A sequence in the case of adding a sheet bundle during conveying of a sheet material 13 a will be described next with reference to FIG. 8. In step S201, the control unit 110 starts driving the conveyance motor 130 in order to start conveying the sheet materials 13 a. Note that the control unit 110 acquires the encoder pulse from the encoder sensor unit 170 while the sheet material 13 a is being conveyed and thereby monitors the opening amount of the pressure plate 3 (bundle amount of the sheet bundle 13).

In step S202, the control unit 110 determines whether or not a sheet bundle has been added. For example, the control unit 110 determines whether or not the opening amount of the pressure plate 3 has increased such that the opening amount exceeds a predetermined threshold value in the increasing direction. When a sheet bundle 13 is added to the loading platform 2 during a sheet conveying operation, the opening amount of the pressure plate 3 changes in proportion to the thickness amount of the sheet bundle 13. In view of this, the control unit 110 may store the opening amount at the time when conveyance of the sheet material 13 a starts (initial opening amount) in the memory and determine whether or not a difference between the initial opening amount and the current opening amount exceeds a pre-determined threshold value. Note that a parameter (sheet bundle amount) obtained using the opening amount of the pressure plate 3 may be used instead of the opening amount of the pressure plate 3. If a sheet bundle has been added, the processing moves to step S203, and if no sheet bundle has been added, the processing moves to step S211. In this way, the control unit 110 functions as a determining unit configured to determine whether or not another sheet bundle has been added to the loading platform based on the amount of the sheet bundle detected by the detecting unit.

Note that when a sheet bundle has been added, the control unit 110 may immediately stop the conveyance motor 130. Sometimes an aligned sheet bundle becomes misaligned due to addition of a sheet bundle.
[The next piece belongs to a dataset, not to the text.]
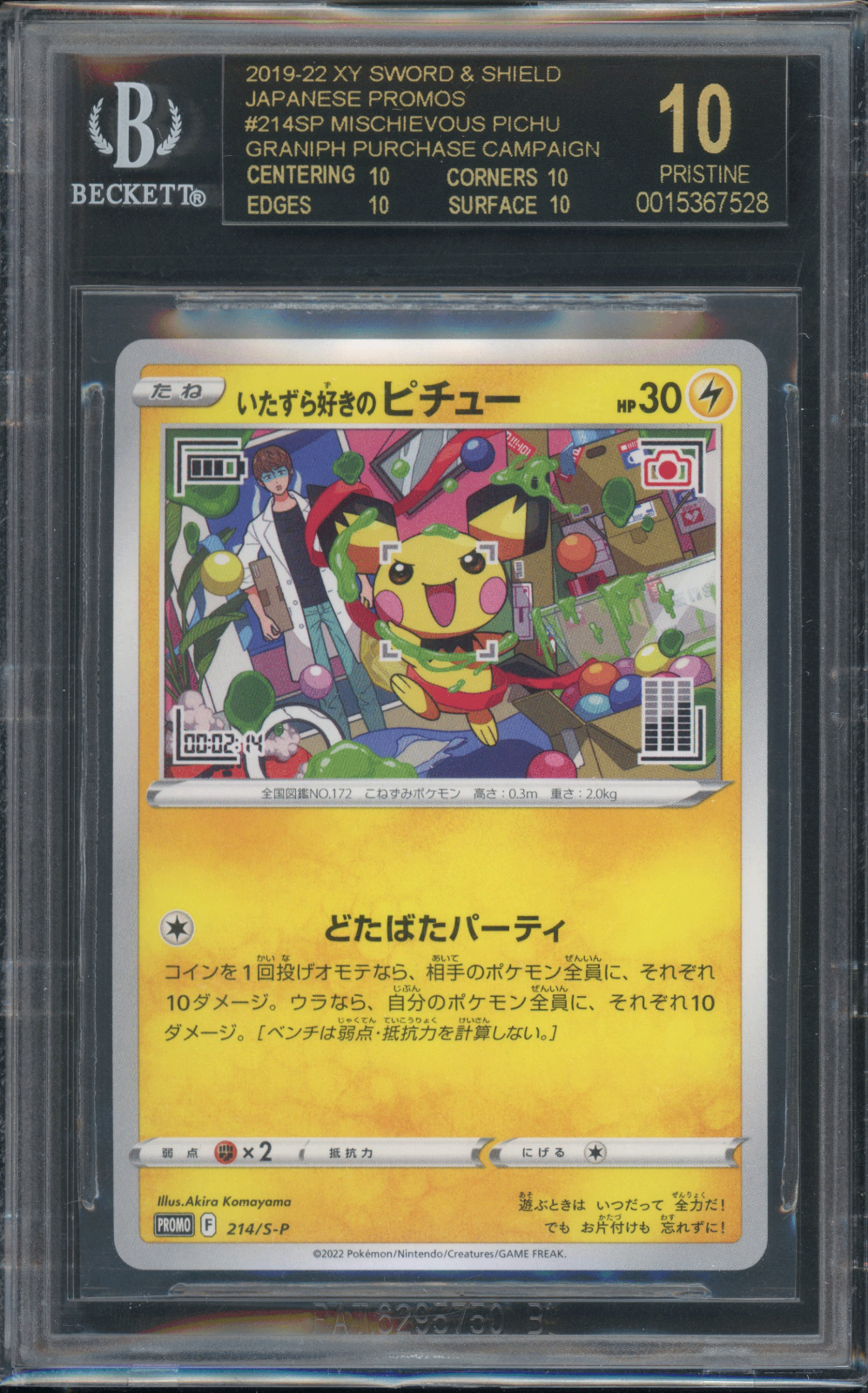 BGS Black label 10 Mischievous Pichu Graniph Purchase CP2022 Pokemon SP 214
In view of this, the conveyance motor 130 may be stopped until alignment processing for all of the sheet bundles, including the added sheet bundle, is complete. However, taking into consideration the fact that conveying is performed starting from the sheet material 13 a located on the bottom in the vertical direction of the sheet bundle remaining on the loading platform 2, and the fact that a sheet bundle is added above the sheet material 13 a located on the top in the vertical direction of the sheet bundle remaining on the loading platform 2, the sheet material 13 a located on the bottom rarely becomes misaligned. In view of this, in the present embodiment, conveying is still continued at this time. Note that if a sheet or a sheet bundle is added during sheet take-in, to temporarily or completely stop the sheet take-in operation may be done. After stopping, to allow the user to select whether to continue the sheet material take-in operation or to perform a sheet bundle alignment operation by displaying a selection screen on the display of the apparatus body or an external apparatus may be done. Also, a configuration may be used in which take-in of the sheet bundle is temporarily stopped before the addition so that an operation of aligning the added sheet bundle is executed. According to this, it is possible to accurately execute a take-in operation for sheets that are in the correct orientation due to alignment processing. In this way, the control unit 110 may change the sheet material take-in operation performed by the take-in unit when the pressing position of the sheet materials 13 a pressed by the pressure plate 3 changes during take-in of the sheet materials 13 a by the take-in unit.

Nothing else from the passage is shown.